Updated May 14, 2023 ·

ML Project Flow

These three concepts helps define the ML lifecycle.

  • ML Project

    • The overall effort to solve a business problem with ML.
  • ML Application

    • The software system using ML models.
    • Includes other components such as databases and APIs
  • ML Model

    • The trained estimator used for predictions.
    • Example: daily sales forecast model

The ML Project Life Cycle covers the entire process of solving a problem with ML.

ML Application Components

An ML application includes more than just the model.

ComponentDescription
Business RulesExample: "If fewer than 10 ratings, recommend popular movies."
DatabaseStores features and logs model outputs
GUIAllows admin users to configure and troubleshoot
APIEnables external communication securely and consistently

Monolithic vs. Decoupled

Before deploying a machine learning model, we need to decide how to structure the system.

TypeDescription
MonolithAll services run as a single application
MicroservicesServices are independent and deployed separately

A monolithic system can become complex and difficult to scale because all parts are tightly connected. On the other hand, microservices allow individual services to fail without affecting the entire system.

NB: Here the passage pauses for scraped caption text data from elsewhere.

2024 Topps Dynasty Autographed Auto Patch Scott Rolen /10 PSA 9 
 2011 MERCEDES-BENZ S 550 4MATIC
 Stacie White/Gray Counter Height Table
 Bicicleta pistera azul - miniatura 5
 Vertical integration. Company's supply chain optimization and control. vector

Decoupling the model from the application results in two distinct life cycles:

  • ML Application Lifecycle has a long lifecycle
  • ML Model Lifecycle is more dynamic and frequently updated.

Model Life Cycle

Once an ML model is trained, it goes through a structured deployment process to ensure it functions correctly in real-world conditions.

  1. Deployment

    • The trained model and required resources are packaged.
    • Once packaged, they are put into production.
    • This marks the start of the life cycle.
  2. Monitoring

    • After deployment, the model is continuously monitored.
    • This ensures it runs correctly and performs as expected.
    • Helps detect issues early and maintain reliability.
  3. Decommissioning

    • Outdated models are replaced with improved versions.
    • Better model has more informative features created.
    • Modeled process may have changed, invlidating the existing model.
  4. Archiving

    • Past models must be stored for regulatory or debugging purposes.
    • Regulators may require us to explain our model's decision in the past.
    • We should be able to load and run all previous model versions when required.